Saturday, February 28, 2015

Things I Don't Get #7: Ghostwriting

Amid the confusion of life, harmony refreshes. Second to the joy of agreeing on pizza toppings is the occasion when common sense and philosophy conjoin under the twin suns of logic and propriety. This coalition shines in the simple observation that a thing is and is only what it is, and that calling it something else does not make it so. This happy premise doesn't imply that the process of definition is easy or infallible, or that all things admit singular definition, but that the process of definition is largely objective and its concepts exclusive.

That is, if a writer is a person who writes and you don't write, then you can't be called a writer. The process of ghostwriting and the inherent contradiction between the nominal author's lack of writing and the definition of a writer is the object of my scorn.

Now I understand the economics of the situation. Some people can write but don't have ideas, and some people have ideas but can't write. It seems a happy marriage, but how on earth do you have the gall to put your name on something you didn't write? Worse, what temerity such an individual has either to consider himself an author, i.e. an auctor, a creator, or to expect to be treated like one. There is also a question of sympathy implicit in ghostwriting, namely that the inability of someone to find expression for his ideas is more important, for he gets the title credit, than the inability of someone with the facility to express ideas to find any. I don't see any reason to prefer the former plight to the latter.

Speaking of whom, how can the actual author, that is, the person who did the writing–is it ever a good sign when you need to insist upon adhering to reality?–stand to have his work treated in this manner. Putting your name on someone else's book is not copying by oversight, mind you, the anxiety of every neurotically footnoting student, nor is it accidental imitation, the crippling fear of many writers, and not even is it writing in full knowledge that he will be overshadowed, but writing with the intent of someone else claiming your work as his own. The appropriation by the so-called author is not mere kidnapping, but raising the child as your own, that is, plagiarism, however socially acceptable the form.

Of course the process of ghostwriting entertains a spectrum of possibilities. At one end a would-be author with more money than talent pays someone else to make him look good. A rank process and detestable individual. On the other end, though, I imagine a collaboration something akin to a director and screenwriter, or better, the screenwriter and author of the story. The story guy has the ideas, the "basic narrative, idea, theme or outline indicating character development and action," as the WGA handily writes, and the screenwriter pulls it all together. Nothing objectionable here.

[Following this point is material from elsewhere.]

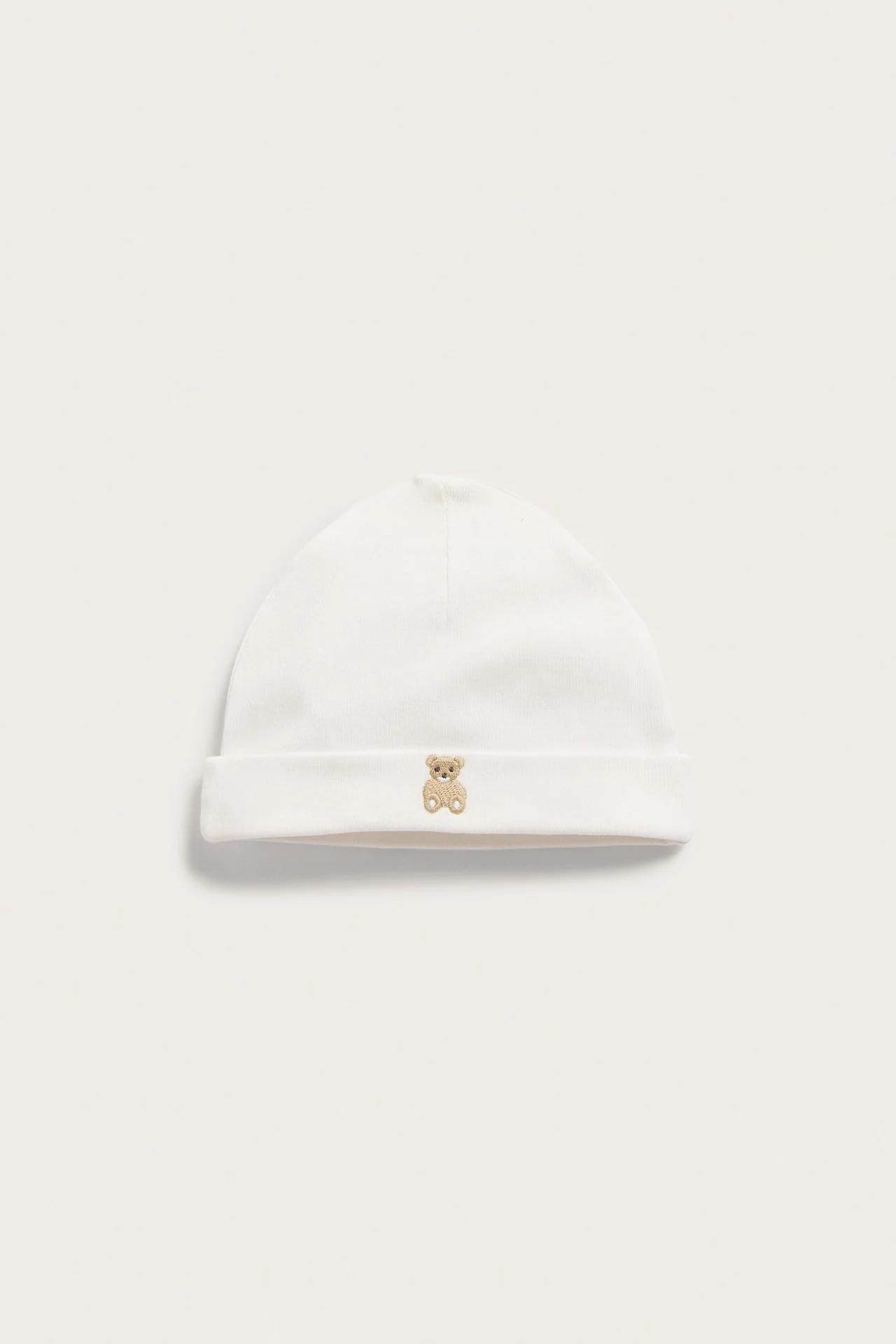 Baby white teddy bear hat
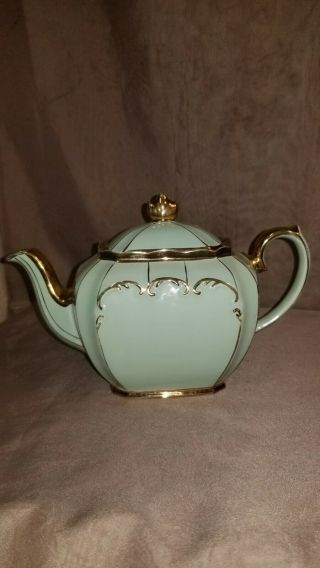 Rare Vintage Sadler England Cube Teapot Green/aqua Gold Trim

Now to their credit and proper crediting, some book authors defer to this distinction by that indefatigable preposition with, which lets us know that they had a little help. You usually need an electron microscope to read the other guy's name, but it's there and we appreciate the acknowledgement. The work is a collaboration.

Yet ghostwriting in the form of speech-writing has a long history. Such does not seem to redeem the practice, though. For example, though professional speech-writing is thousands of years old, I can never get past the fact that a man is reading someone else's arrangement of his own ideas. Who can readily accept the ideas of a man who didn't comprehend the process, be it art or science, at least of their articulation. This might seem at first look to be unfair, for a poor writer might have a good idea and bad ideas have had lucid and artful expression by good writers, and indeed in truth I don't readily trust the articulate infecund either. Yet to me the processes of writing and thinking seem so much the same that I can't trust in the presence of the latter if I don't see at least an attempt at the former.

Lack and excess of both matter and style are equally unfavorable, and a mean out to be sought suitable to the speaker and occasion. Last, the writing ought to be a frank collaboration or one's own work, however humble.